Okay, can probably delete the "reward" and "algorithm" boxes as well. Doesn't really provide much value.
I agree with getting rid of algorithm box. Until we have algorithms other than PPO, this information might only trigger questions about trying other algorithms from the user - which we would fall short of giving a great response.
The reward score box is redundant with the graph. It should be visible from the graph if we choose to include the graph.
Things I think users would care to be assured of in the dashboard:
Using latest AI technology (deep reinforcement learning)
Many different trials performed (as shown by PBT graph)
Many episodes considered during learning (we should consider making this visible, it's more meaningful to users than "training iteration")
Generally positive slope and converging of separate trials (as show by graph)
Simulation metrics (this we are lacking)
@kepricon is integrating PBT with the training and updating parts.
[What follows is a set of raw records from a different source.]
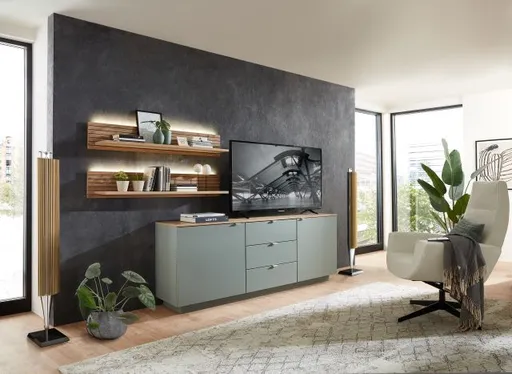 TV-Sideboard - Olivgrün, Eiche Dekor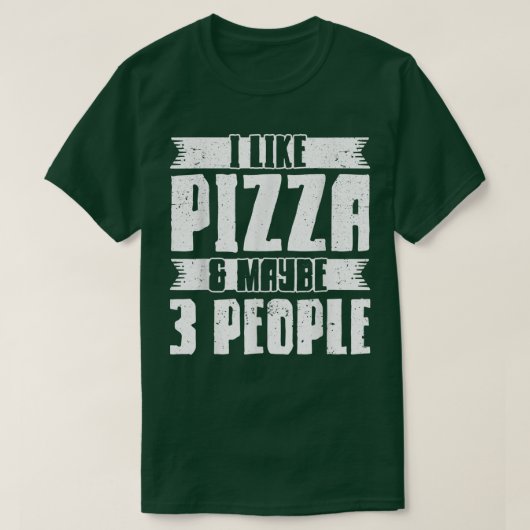 ピザが好きで、もしかしたら3人でピザ好き1058人 Tシャツ (デザイン正面)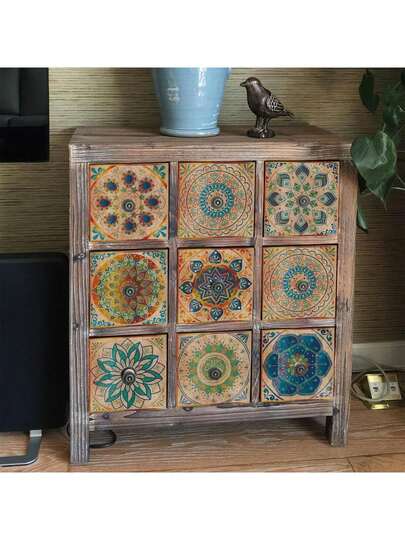 OUTANA 24件套工具及家居装饰套装，北欧风格瓷砖图案墙贴，花卉设计，油漆用品及墙面装饰乙烯基自粘壁纸，黑白风格，适用于厨房、浴室、卧室、客厅、餐厅等。防水、防油、防潮装饰瓷砖贴纸，墙面翻新，地板贴纸，家居装饰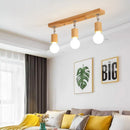 Plafonnier avec spots Projecteur de style nordique LED couloir salle à manger japonais en bois massif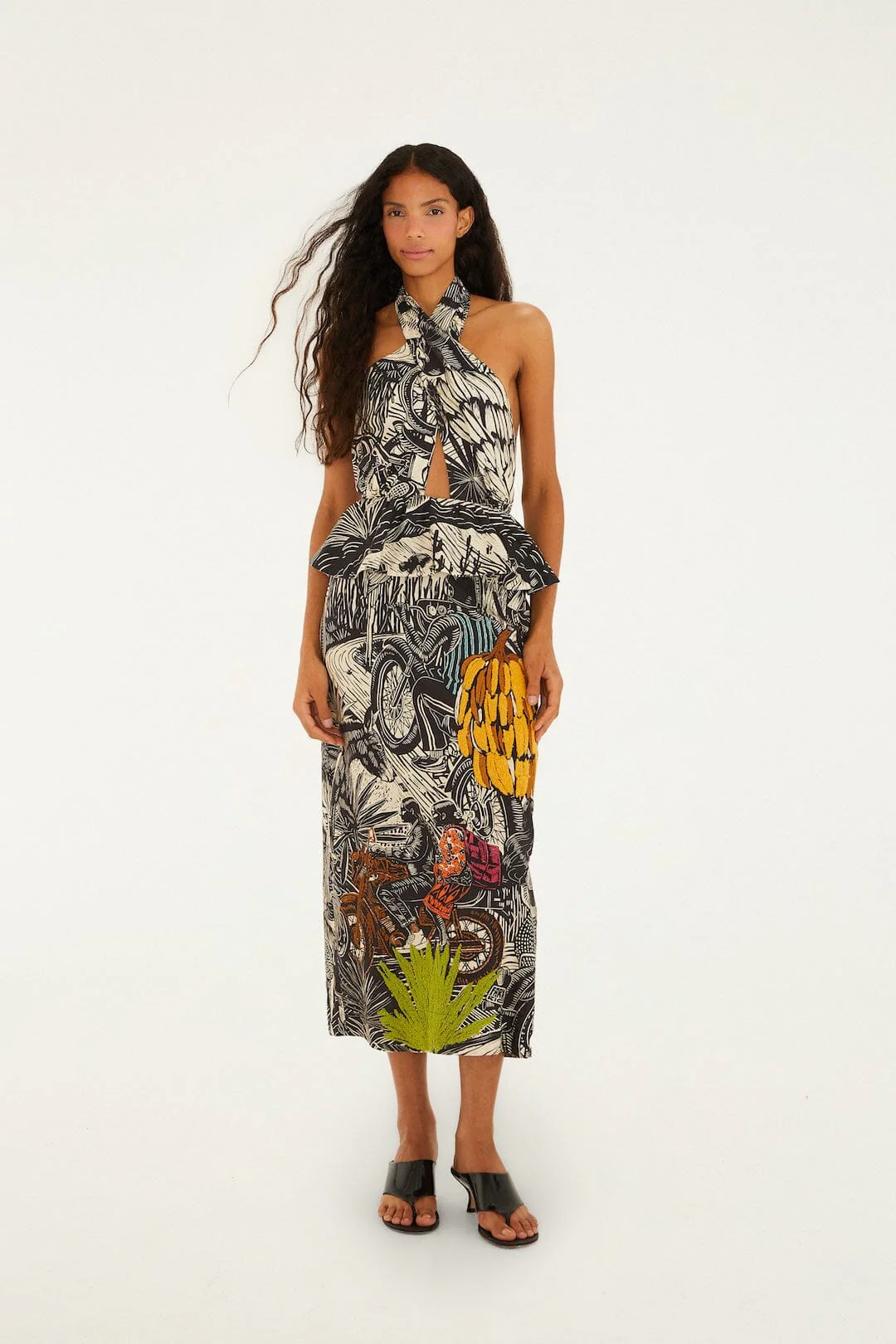 Ruta Beige Embroidered Lenzing™ Ecovero™ Euroflax™ Maxi Dress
Here is a list of UI related changes, split out from here: https://github.com/SkymindIO/pathmind-webapp/issues?q=is%3Aopen+is%3Aissue+label%3Apbt
Mean Reward Graph
PBT executes one continuous run that evolves automatically over time.
Therefore, we don't need the grid below the mean reward graph.
However, we may want to consider explaining what PBT is learning in some way. An example could be a user mousing over the mean reward chart to trace perturbation history.
Policy Export
The output is now a single policy. Need to remove logic for exporting one policy for each grid search trial.
Update the right column on the experiment page
These aren't really necessary anymore. I'd only care to see the reward function and time elapsed.
As for reward scores, I prefer to see it clearly on the graph because its change over time (i.e. shape) is more important than the static number that we provide. Perhaps we can reintroduce this using simulation metrics later.